Re: swapping vars, two ways, 2 results...
by jdporter (Paladin) on Dec 19, 2002 at 01:55 UTC
    Other way:
    my $tmp = $b ; $b = $a ; $b = $tmp ;
    Well, maybe you get different results because the above way is hosed. Hopefully it's just a typo, but you're assigning to $b in both the last two lines, and never assigning to $a.

    In any event, swapping "perl's way" is better, faster, cheaper, shorter, and preferable in every way.

    Any questions?

    jdporter
    ...porque es dificil estar guapo y blanco.

      "perl's way" is better(?), faster, cheaper, shorter(just), and preferable in every way(opinion?).

      c:\test>perl -MBenchmark=cmpthese my ($a,$b)=('a'x1000,'b'x1000); cmpthese( -10, { PERL=> sub{ ($a, $b) = ($b, $a); }, C => sub{ my $t=$a, $a=$b, $b=$t; }, XOR => sub{ $a^=$b^=$a^=$b; }, } ); ^Z Benchmark: running C, PERL, XOR, each for at least 10 CPU seconds... C: 10 wallclock secs (10.01 usr + 0.00 sys = 10.01 CPU) @ 19 +7752.07/s (n=1980487) PERL: 10 wallclock secs (10.30 usr + 0.00 sys = 10.30 CPU) @ 12 +1439.73/s (n=1250222) XOR: 10 wallclock secs (10.03 usr + -0.01 sys = 10.02 CPU) @ 33 +5113.02/s (n=3356492) Rate PERL C XOR PERL 121440/s -- -39% -64% C 197752/s 63% -- -41% XOR 335113/s 176% 69% -- c:\test>

      If performance isn't a concern I use list assignment, if it is, I'd use the XOR method.


      Examine what is said, not who speaks.

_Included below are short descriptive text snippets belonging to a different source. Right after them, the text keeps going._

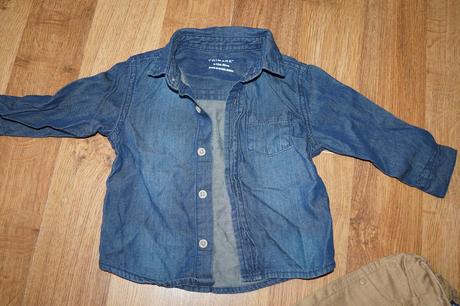 Slim nohavice a riflová košeľa, primark,86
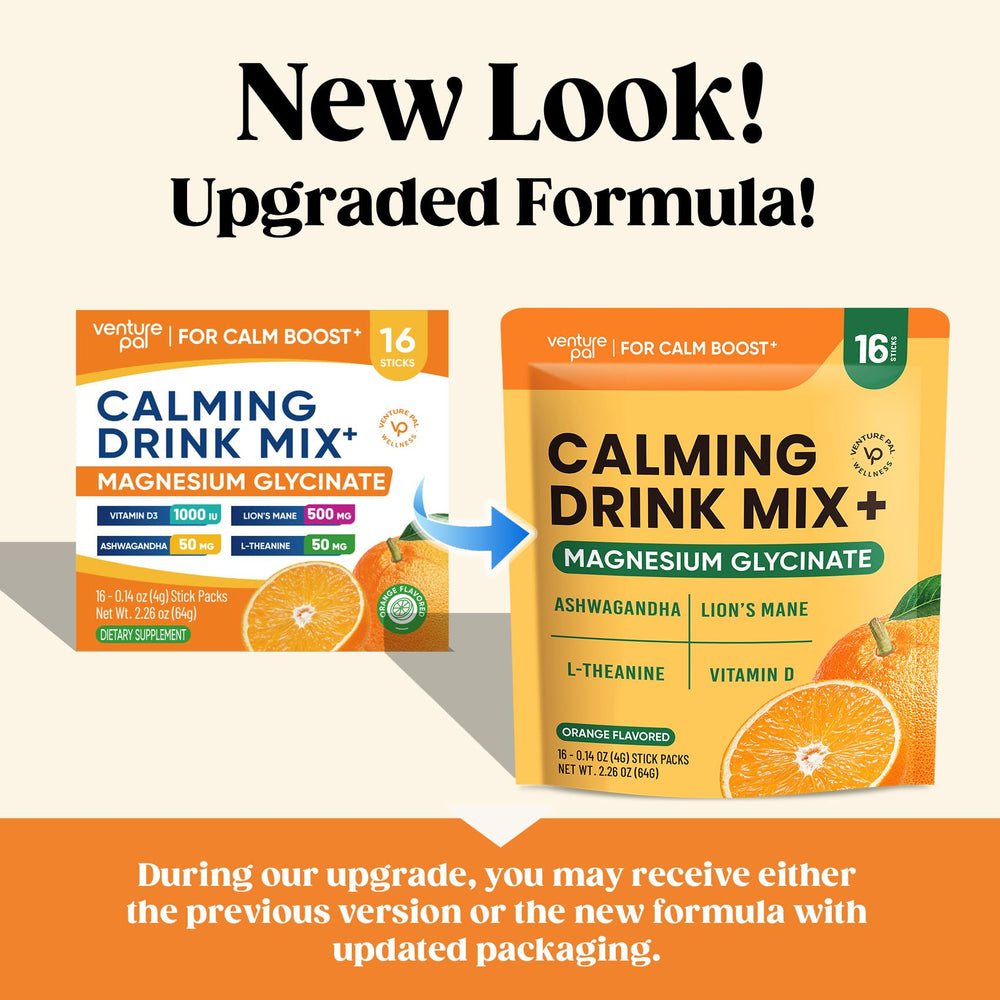 Dissolving powder in juice with Venture Pal Calm Drink Mix for convenient relaxation.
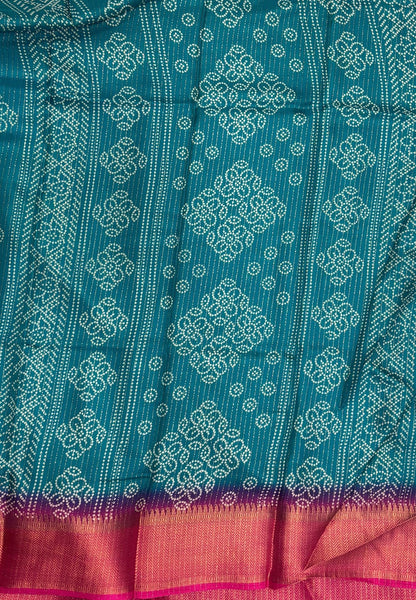 Semi Dola Silk Saree-Ramar Green In Floral Dotwork Border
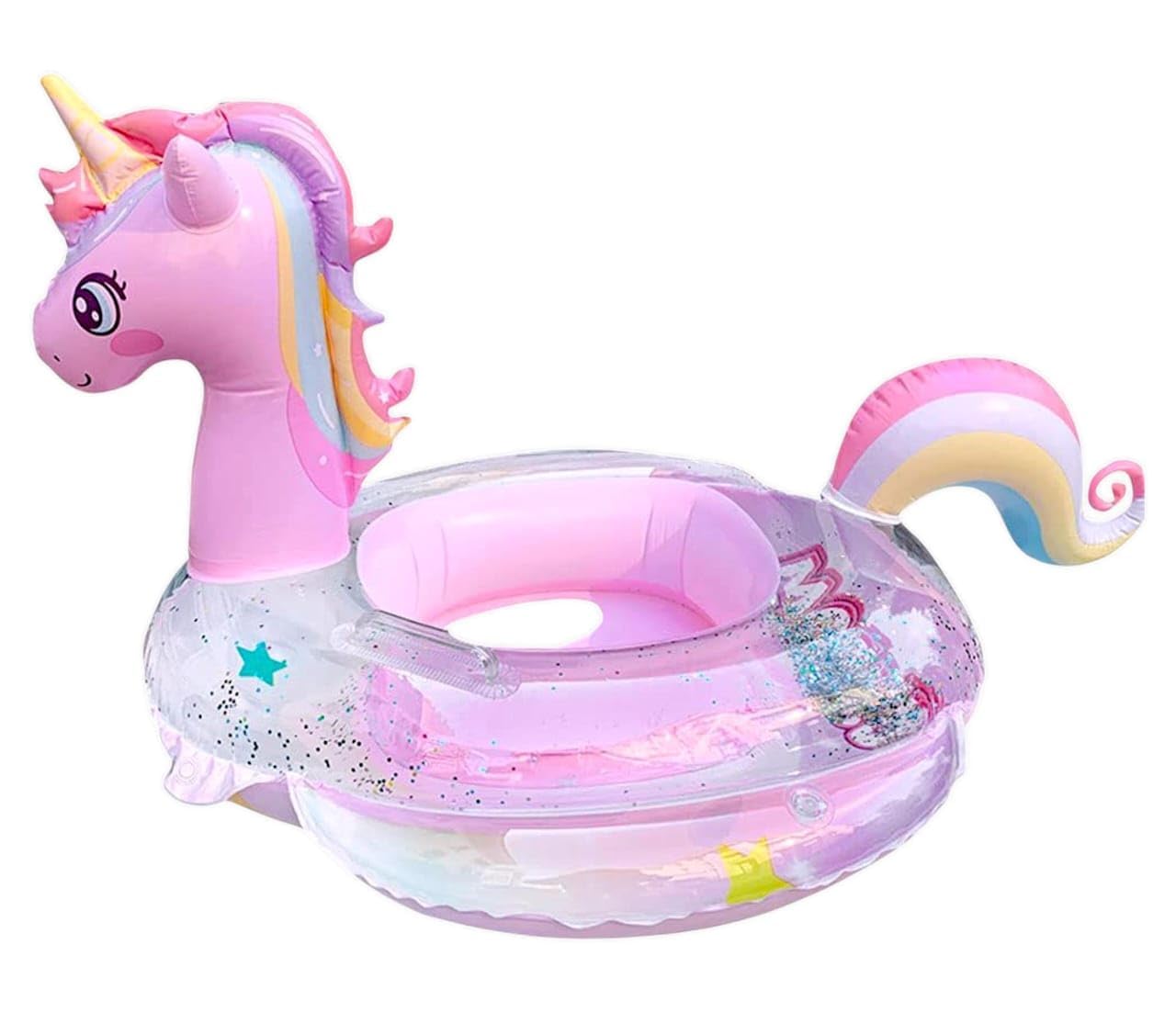 Kids Unicorn Inflatable Swim Ring with Seat | Cute Pool Float Tube for Toddlers & Children | Summer Water Play Toy(Pack of 1 piece) Multicolour-image-36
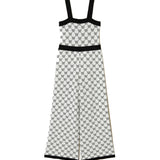 Twinset Kids Tuta in Filo Bianco/Nero con Logo Jacquard per Bambine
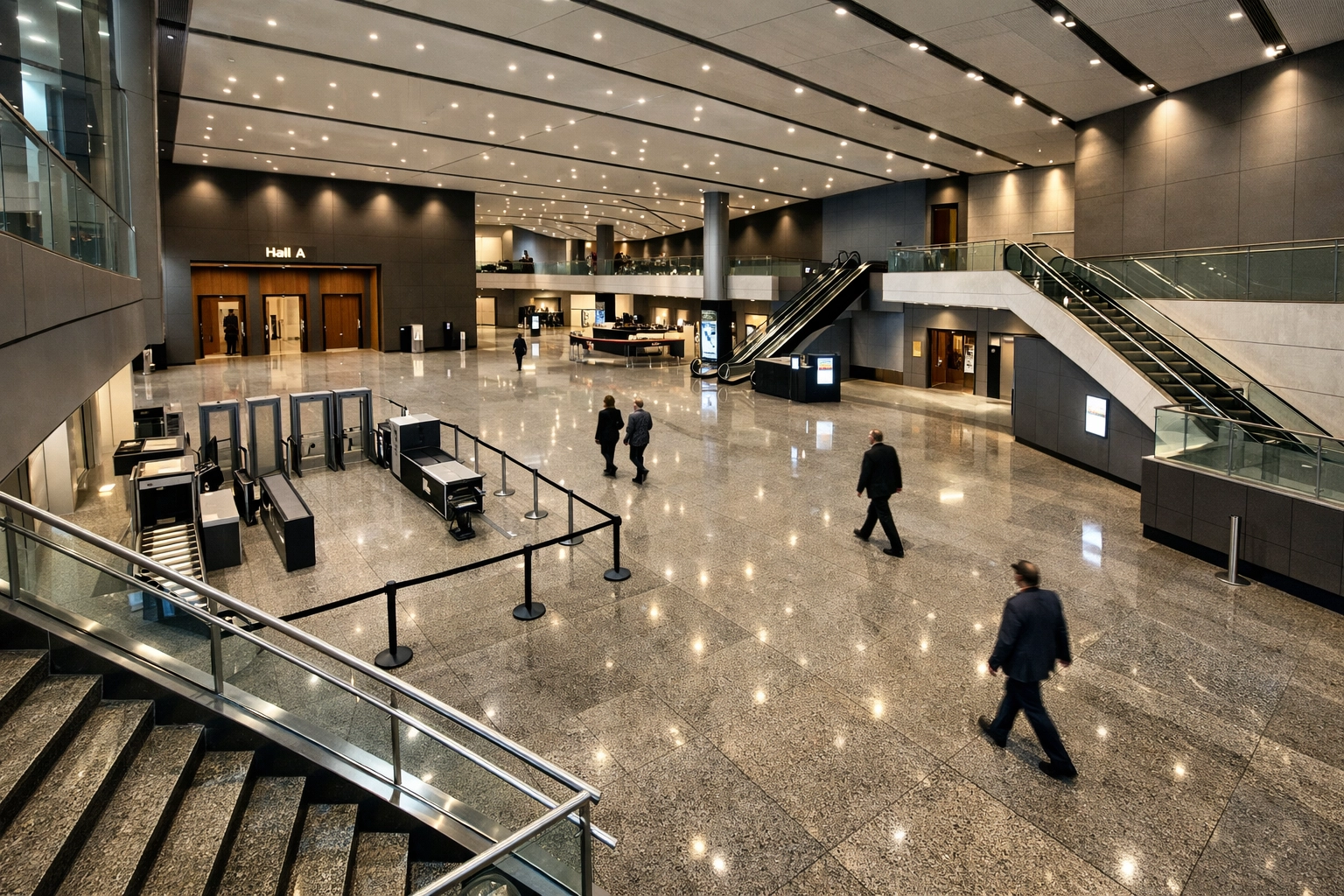 Spacious contemporary venue lobby requiring tiered security measures under Martyn's Law legislation.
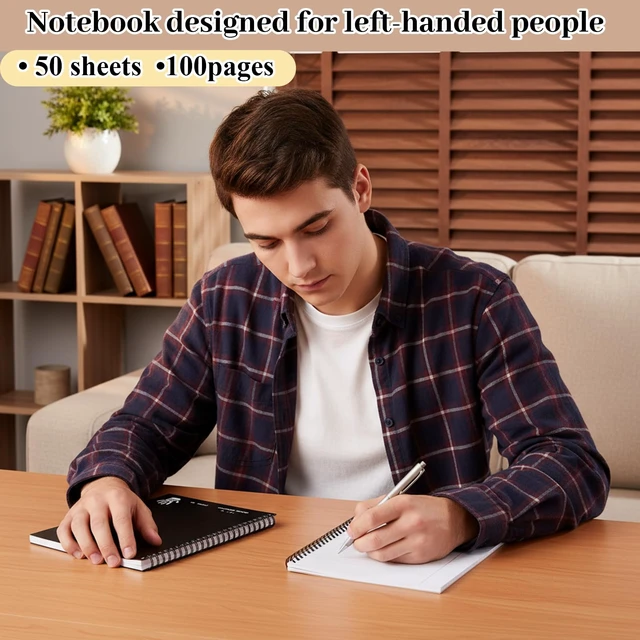 Alt view image 3 of 6 - 15 Pcs Left Handed Spiral Notebook Bulk, 8.5" x 11", 50 Sheets, Black 50 Sheets Each, Spiral Bound, Smooth Writing Paper, Student School Supplies, Assorted Color Covers, Office, Classroom, Study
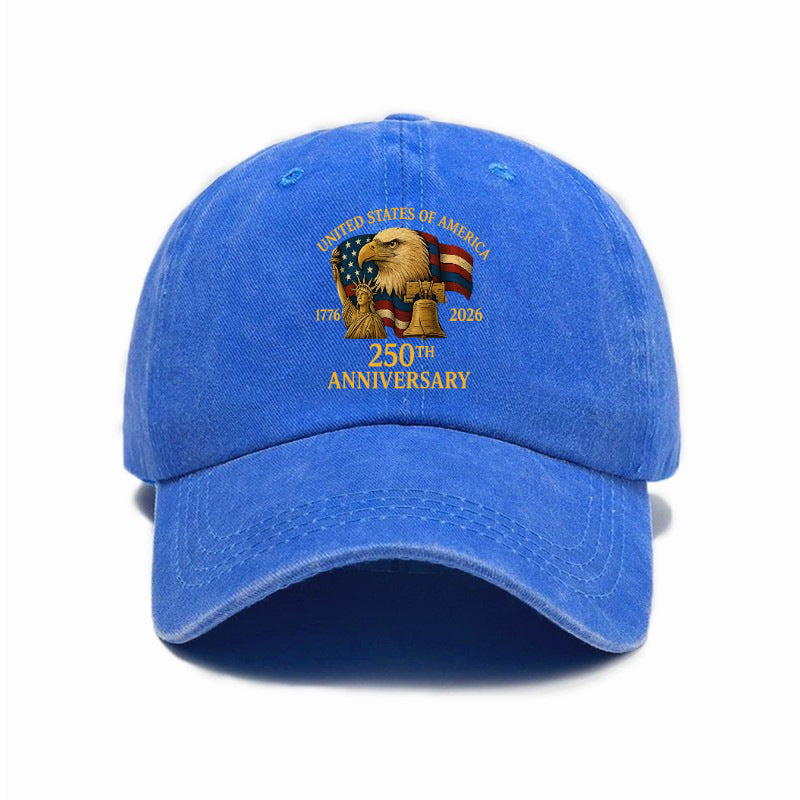 Fashion Hot Selling US Independence Day 250Th Anniversary Printed Washed All-Match Distressed Soft Top Unisex Baseball Cap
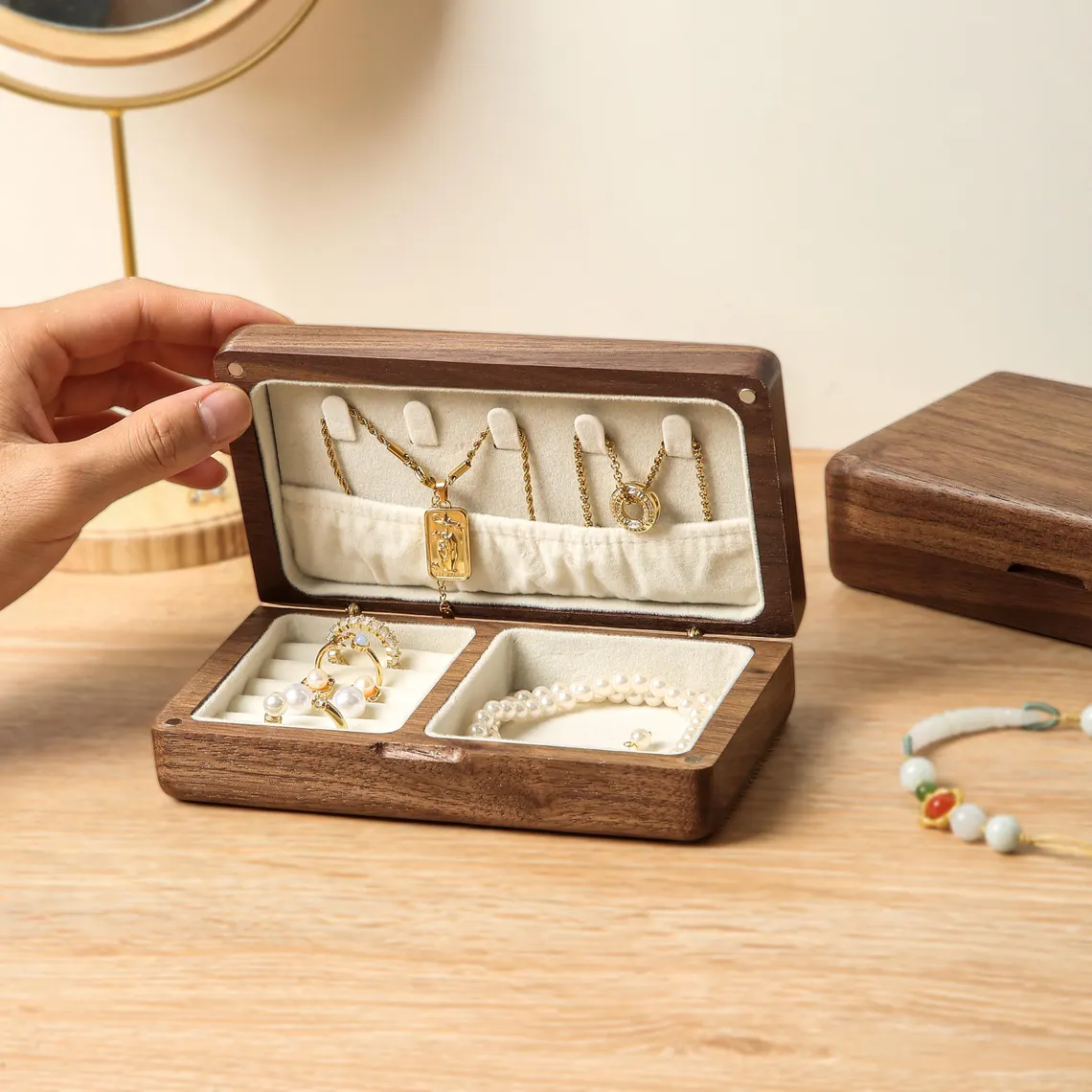 Custom Birth Flower Wooden Jewelry Box – Personalized Gift for Her - Image 3
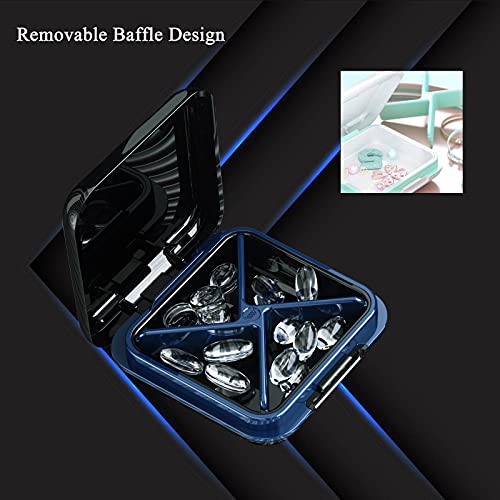 Image of Pill Organizer Portable Pill Box Waterproof Pill Case Travel Medicine Organizer for Purse or Pocket Multifunctional Small Pill Storage Box with Removable X Compartments for Jewelry Earrings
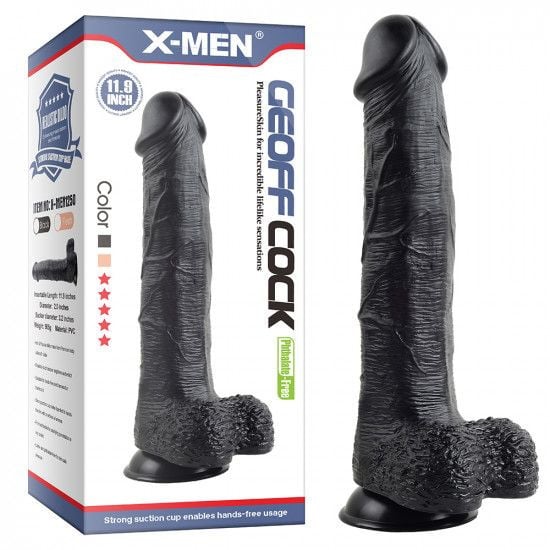 Dildo gigant prevazut cu testicule si ventuza de fixare X-MEN Geoff 11.9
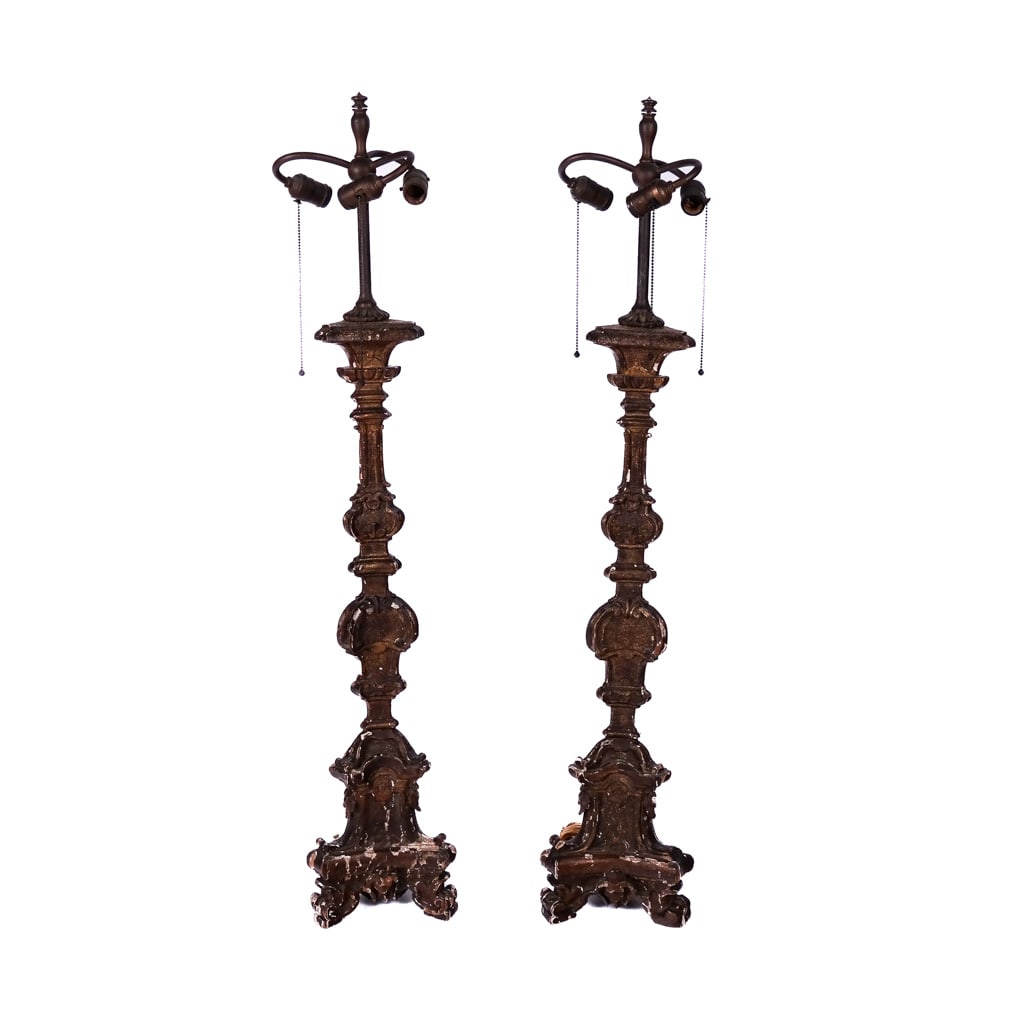 Pair of 18th C. Continental Wood Altar Lamps (1 of 8)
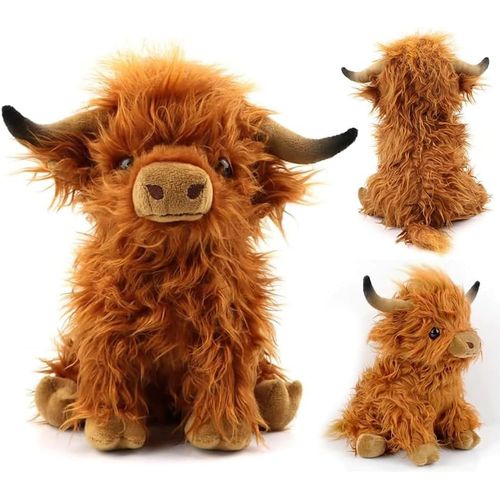 LETNERNY-Vache Peluche Marron Hochlandkuh Plush Vache Poupée Jouets Vache Animal Peluche Mignon Animal En Peluche Cadeaux Pour Amis Famille 25 Cm
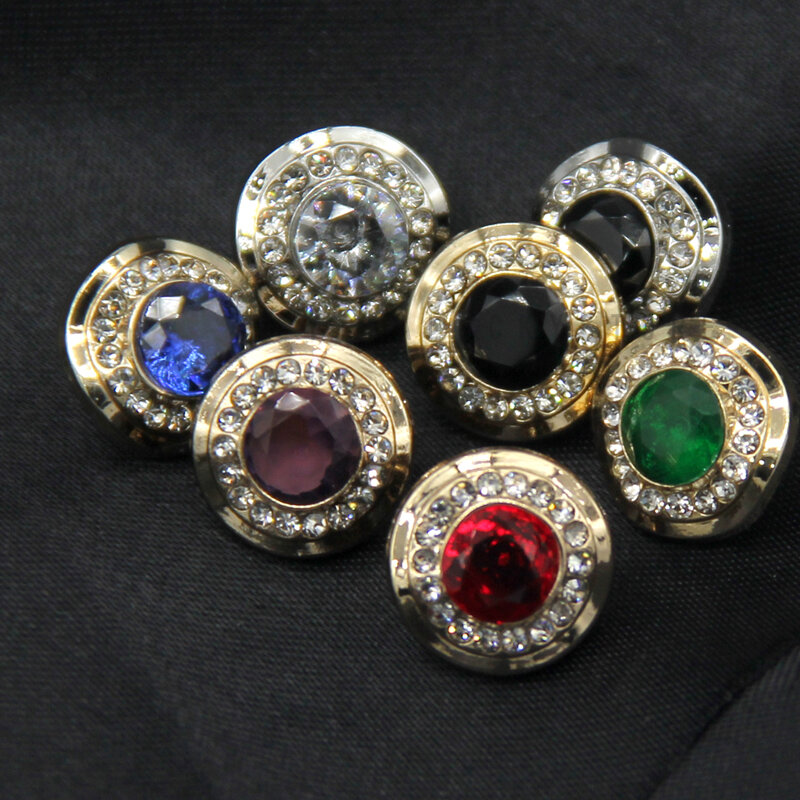 HENGC-Botones de joyería de diamantes de imitación de Metal dorado Vintage para ropa, camisa, blusa, decoraciones de lujo hechas a mano, manualidades DIY al por mayor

        If performance isn't a concern I use list assignment, if it is, I'd use the XOR method.
        Besides being obfuscatory, the XOR method only works on numbers or strings. It doesn't work on other things, like references and filehandles. The perlish method works on anything.

        jdporter
        ...porque es dificil estar guapo y blanco.

        XOR swapping of strings in perl is BAD. I think it's merlyn who refers to these things as bad memes?

        The reason is that if the strings are different lengths, you get subtly "broken" results...

        my ($a,$b)=("a","bb"); printf("/%s/ (%d bytes) /%s/ (%d bytes)\n",$a,length($a),$b,length($b) +); $a^=$b^=$a^=$b; printf("/%s/ (%d bytes) /%s/ (%d bytes)\n",$a,length($a),$b,length($b) +);'
        This results in:
        /a/ (1 bytes) /bb/ (2 bytes) /bb/ (2 bytes) /a/ (2 bytes)
        The unexpected "2 bytes" for /a/ occurs because the string is still 2 characters long, but the 2nd character is now null.

        This can (and will) trip you up later, because $b ne "a", even though they print the same.
        --
        Mike

        By the way, if the two vars are very differents sizes, Perl's way gets slower.